Alongside, they did about 40 static tests to see how the machine works under hot-fire conditions — especially the gimbal mechanism that ensures the stability of the rocket. In the end, the flight that took the rocket to a height of 6 km and let it fall into the sea 2 km from the launch pad was a success. “Very few rockets have had success in its maiden flight,” Chakravarthy told quantum.
True, Agnikul launch was aborted thrice — twice shortly before the planned lift-off, but those aborted launches only demonstrated that the Automated Launch System was robust and could catch any bugs.
The rocking rocket
A few points about the rocket must be kept in mind.
First, it was India’s first rocket that was powered by liquid fuel in the core. All the ISRO rockets have solid fuel in the core, though the strap-on rockets (those little ones that cling to the sides of the main rocket at the bottom) were liquid-fuel fired. Incidentally, the Agnibaan is also designed to be fitted with strap-ons, when heavy payloads ask for it. Second, it was for the first time in India that a semi-cryogenic engine was used — ATF (fuel) at ambient temperature and liquid oxygen (oxidiser) in cryogenic condition. This meant that the fuel loading had to begin only 3 hours before the lift-off.
Third, what flew on June 1 was not the full 2-stage rocket, but the top half of it with a single engine. The full rocket, with a cluster of 4-7 engines in the lower stage, would be test-launched later. Fourth, it was also the first private rocket that was controlled during the entire flight — its velocity, attitude and position fully telemetered, and could be destroyed by a person on the ground if it went awry. The other rocket start-up, Skyroot Aerospace, test-flew its rocket in November 2022, but it was a sounding rocket that just went up and came down. (This is not to say that Skyroot’s vehicle is inferior to Agnikul’s or Skyroot lags in technology—different companies adopt different pathways for developing a vehicle.)
Extreme caution marked the making of the rocket.
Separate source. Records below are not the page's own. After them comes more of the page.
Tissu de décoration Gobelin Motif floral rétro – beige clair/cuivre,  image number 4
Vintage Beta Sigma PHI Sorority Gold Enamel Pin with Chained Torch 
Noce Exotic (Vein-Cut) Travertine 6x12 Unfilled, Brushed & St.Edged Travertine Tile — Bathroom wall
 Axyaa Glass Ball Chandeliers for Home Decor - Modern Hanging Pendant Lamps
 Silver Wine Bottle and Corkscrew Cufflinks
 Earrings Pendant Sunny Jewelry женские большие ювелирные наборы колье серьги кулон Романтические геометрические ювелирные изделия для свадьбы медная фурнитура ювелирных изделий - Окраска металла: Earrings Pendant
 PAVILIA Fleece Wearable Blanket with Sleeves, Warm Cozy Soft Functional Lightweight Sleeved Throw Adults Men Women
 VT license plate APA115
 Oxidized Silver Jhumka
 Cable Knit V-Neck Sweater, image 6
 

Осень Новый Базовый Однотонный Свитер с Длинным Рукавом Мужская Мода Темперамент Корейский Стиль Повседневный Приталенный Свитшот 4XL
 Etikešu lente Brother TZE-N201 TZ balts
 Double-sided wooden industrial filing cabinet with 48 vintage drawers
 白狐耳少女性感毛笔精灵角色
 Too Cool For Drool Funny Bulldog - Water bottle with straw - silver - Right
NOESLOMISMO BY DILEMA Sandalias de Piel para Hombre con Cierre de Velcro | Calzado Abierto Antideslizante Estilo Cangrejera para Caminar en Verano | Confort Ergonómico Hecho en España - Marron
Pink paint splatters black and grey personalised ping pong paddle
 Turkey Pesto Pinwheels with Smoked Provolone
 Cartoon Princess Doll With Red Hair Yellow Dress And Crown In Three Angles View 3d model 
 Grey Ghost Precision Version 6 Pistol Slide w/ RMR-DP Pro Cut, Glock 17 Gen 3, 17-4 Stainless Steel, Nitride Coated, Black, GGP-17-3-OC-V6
First, it was powered for a thrust of 1.1, which meant that the thrust was just a little more than its weight — as such, the rocket didn’t shoot-off into the skies but ascended slowly. More thrust would have meant burning more fuel at the launch pad. Also, for design simplicity, it was an un-throttled engine — no throttle to adjust the thrust by controlling the flow of the fuel and the oxidiser into the combustion chamber.
Second, the launch sequence was so designed that ignition would happen 7 seconds before lift-off and while it would take only two seconds for enough pressure to build up inside the combustion chamber, the vehicle waited for a full five seconds before leaving the ground.
The next steps for Agnikul is to build the full, two-stage vehicle and demonstrate stage-separation, on the ground. Chakravarthy believes the company would be able to come to this point in nine months.